I haven't always found it easy to make friends. I used to be really aware of my learning disability and I used to worry about what other people thought of me. I was quiet and not myself. I found it hard to talk about having a learning disability because I didn't want people to think I was stupid.
All people need friends. Just because you have a learning disability it does not make this any different but it can sometimes be harder for people with a learning disability. With all the cuts, more people with a learning disability are stuck at home all day, bored and lonely, without the right support to get out in their community and meet existing friends or make new ones.
International Day of Friendship 2015: 'With good friends, you can't lose.' Source: Mencap
I know I found it hard when I was younger. I tried really hard to make friends but I did not always feel comfortable. For example, I went to a social group but I felt left out and ended up leaving.
I was lucky that there were certain people around me - a few close friends, my family and my mum especially who helped to build my confidence. They made me realise I do have a voice, they made me see I had something to say and some people would like me for it. It felt like a flashlight coming on.
It is amazing how far I have come from the shy girl who hid away. I now work as a campaigner for the Royal Mencap Society where I regularly stand up and speak in front of hundreds of people and where I am not afraid to walk up to a politician and challenge them. My younger self could never have dreamed of this.

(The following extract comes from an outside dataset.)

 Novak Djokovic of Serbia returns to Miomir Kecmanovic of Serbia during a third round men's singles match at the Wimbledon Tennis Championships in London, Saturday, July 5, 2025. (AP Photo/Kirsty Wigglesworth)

Something that has been really important to me is the great friends I have around me. I've made some great friends at work, especially other colleagues with a learning disability like Dean who makes me laugh every day, Gina, who is always there for me and Lorainne who looked after me when I started the job - she's like my work sister. There are other people who don't have a learning disability, like my very good friend Lisa, who I have lots in common with. We are both Surrey girls and both like looking glam. Most importantly, though, we've been there for each other when things have got tough and I know I can really trust her.
Ciara (left) and Gina. Source: Mencap
So what makes a good friend? For me, it relies on three things: Trust, humour and loyalty. But trust is the most important thing for me. I still take longer to trust people because of what happened when I was younger, and I do tend to feel safer with other people who have a learning disability. Like a lot of people I also feel nervous meeting new groups of people because I'm nervous of being judged.
My husband, Mark, is my best friend. He doesn't have a learning disability. We met at college and I fancied him straight away. We've been married for just over two years but together for ten years. As well as being husband and wife, we are the best of friends. We make each other laugh all the time, even when I'm nagging him in the kitchen when he's trying to cook. I think we've learnt a lot from each other. He's taught me about respecting people. He helps me to think about things. I think I've taught Mark to stand up for himself more. He doesn't take as much rubbish from people as he used to - me included!
People with a learning disability have the same right to friendships and relationships as anyone else. To be healthy and happy you need good friendships. I certainly wouldn't be where I am today without my friends.